You may be feeling like you are doing so much yet not really accomplishing much- this is a sign you might need a brain dump. This is a useful exercise when there is a transition, a change of sorts, you are having difficulty focusing or have experienced some sort of loss. For most of us now we have had many of these things collectively, and they are taking their toll individually. You might feel like zoom meetings are sucking your soul, or that you have never stared at a screen so much as in these last few months. You may be returning to your office, and wondering if you are going to enjoy getting back to semi-normalcy or if you will long to be back home again.
These are all critical moments where you may have a lot of new tasks to tackle and decisions to make. Brain dump will help to calm your nerves down and to get you in a problem-solving mode.
TWO WAYS TO BRAIN DUMP: FREE-FORM OR FOCUSED.
Free-form: With your journal and pen nearby, start seated upright in a comfortable position. • Lengthen the spine, relax the shoulders and close the eyes. • Start by taking a few deep, clearing breaths, inhaling through the nose, exhaling out of the mouth, setting the stage for your meditation. • Once you feel settled, keeping your eyes closed, put your pen to the paper and begin to write! • Allow yourself to be completely open to whatever comes up for you, and write it down on the paper without judgment! • Different thoughts, images, and ideas may start to come up for you, write them ALL down as they surface. You can write sentences, words and/or draw pictures (anything that accurately portrays what is going on in your mind
Focused: Take a few moments with paper and pen (try it instead of a computer if you can) and write down 1 or 2 of each: Things you think you should do but haven’t . Things you fear but somehow have to take on. Who and what circumstances are giving rise to anger in you. People (in person or virtually) who you know are not serving you to connect with right now.

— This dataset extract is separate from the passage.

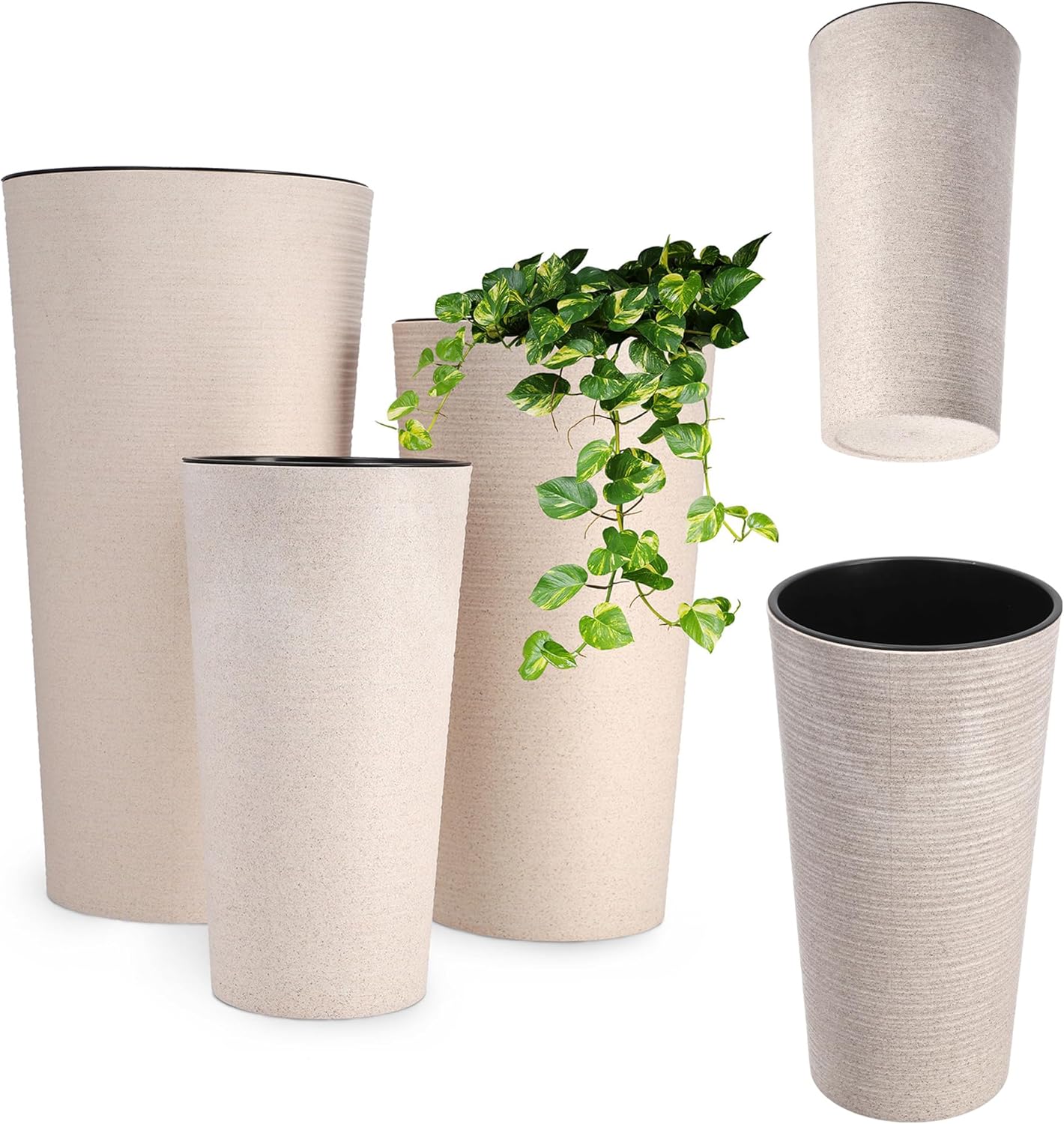 3er Set Blumentopf mit Holzspänen, eleganter Übertopf mit herausnehmbarer Einlage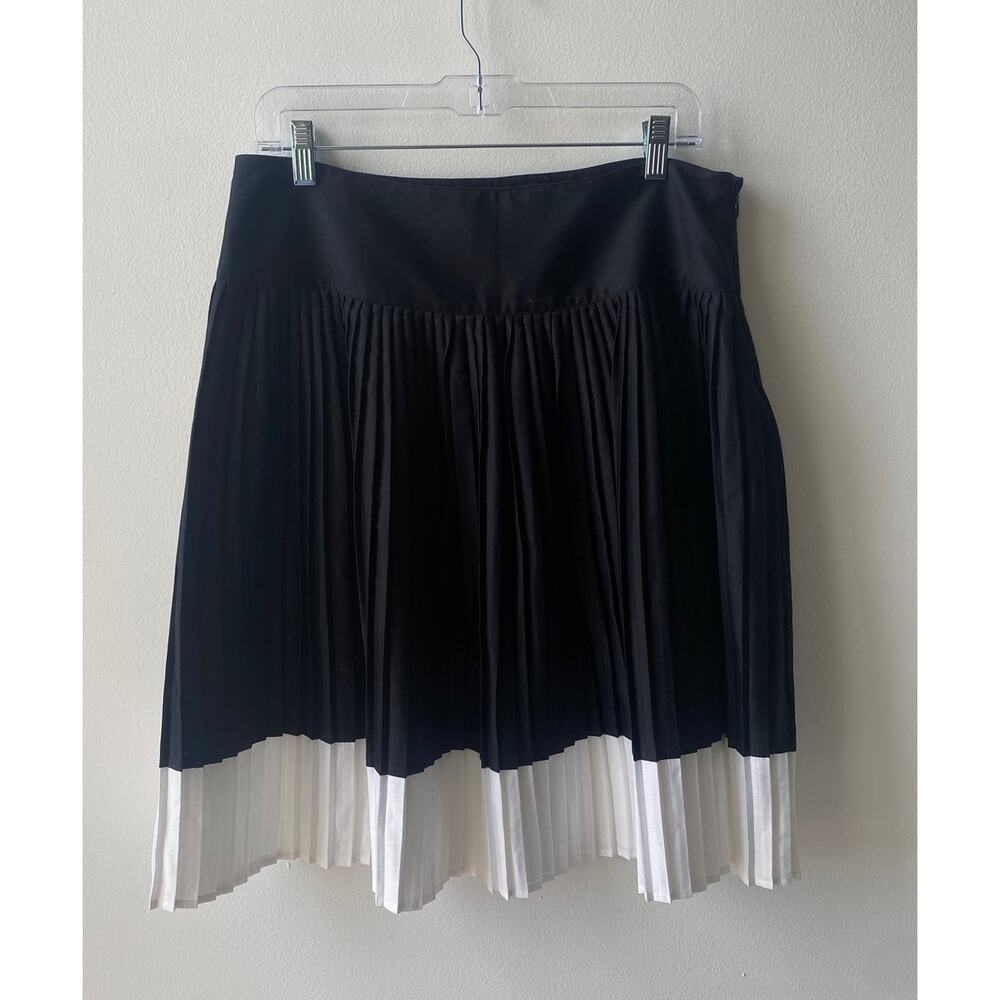 Ralph Lauren Black White Colorblock Skirt Pleated Preppy Minimalist Schoolgirl 8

You can also use this worksheet to fill in the areas on it as a tool to begin your brain dump.
Now what? The choice is yours. Walk away. Exercise. Sit with the papers. Circle things you can truly accomplish. Decide which things you can do with someone else's help and reach out. Share the tough things with a close friend. Try a mindfulness exercise to breathe through the angry or frustrated spots. Find some relief in the space you have created in the mind and go do something joyful!